ひとがこの世に生まれてくるには、必ず2人のひとが必要です。それは1人の男性と1人の女性と言った方が良いかもしれません。どんなひとにも、この世に生まれるための無くてはならないご縁として、必ず2人の産みの親がいます。
私という1人には、父母という2人のひとと、祖父母という4人のひとが必ずいますが、4人の祖父母にも同じように両親がいることを思うと、私には8人の曾祖父母(そうそふぼ)がいるということになります。
4人の祖父母であれば、生活を共にしたことがあったり、年に何度か会う機会があったり、写真に遺されていたり、どんな人だったか聞いていたり、名前くらいは分かるといった人もいるかもしれません。しかし、8人の曾祖父母にもなると、その像はかなりぼやけてしまうのではないでしょうか。
その8人の曾祖父母にも、必ず父と母とがいます。8人の曾祖父母が生まれるためには、16人のひとたちがいるのです。このひとたちを高祖父母(こうそふぼ)と言うそうです。
その16人のひとたちが生まれる先にも、32人のひとたちがいるはずです。5代先にもなると「ご先祖さま」と言ってもよいくらいでしょうか。ここまでくると余程の伝説的な人物でもなければ、どんな名前で、どんな姿で、どんな人生を送ったか、なんてことはなかなか伝えられることではないかもしれません。

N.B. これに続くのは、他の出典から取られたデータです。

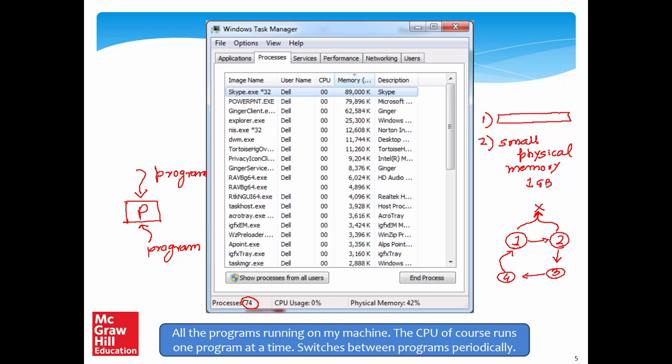Even if the CPU switches between programs, we have to ensure that if one program has written to certain regions of the memory space, the next program does not touch those spaces. Otherwise there will be a problem. So we need to solve this.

32人のご先祖さまでそのつながりが止まることはなく、その先には64人。その先には128人。その先には256人。そのまた先には512人のご先祖さまが、必ずいます。
更に過去へとさかのぼっていけば、倍々になってご先祖さまの数は増えていきます。それは果てしなく続いていって、永遠にひろがっていきます。
どのご先祖さまの1人がいなかったとしても、今ここにいる私は、生まれてきません。今ここにいる私は、永遠のいのちのつながりの中に生まれてきた、たった1つのいのちなのです。
永遠のいのちのつながりの先に、私たち1人1人が、今生きています。
いのちのひとつひとつは、遡ればすべてがどこかで、つながっています。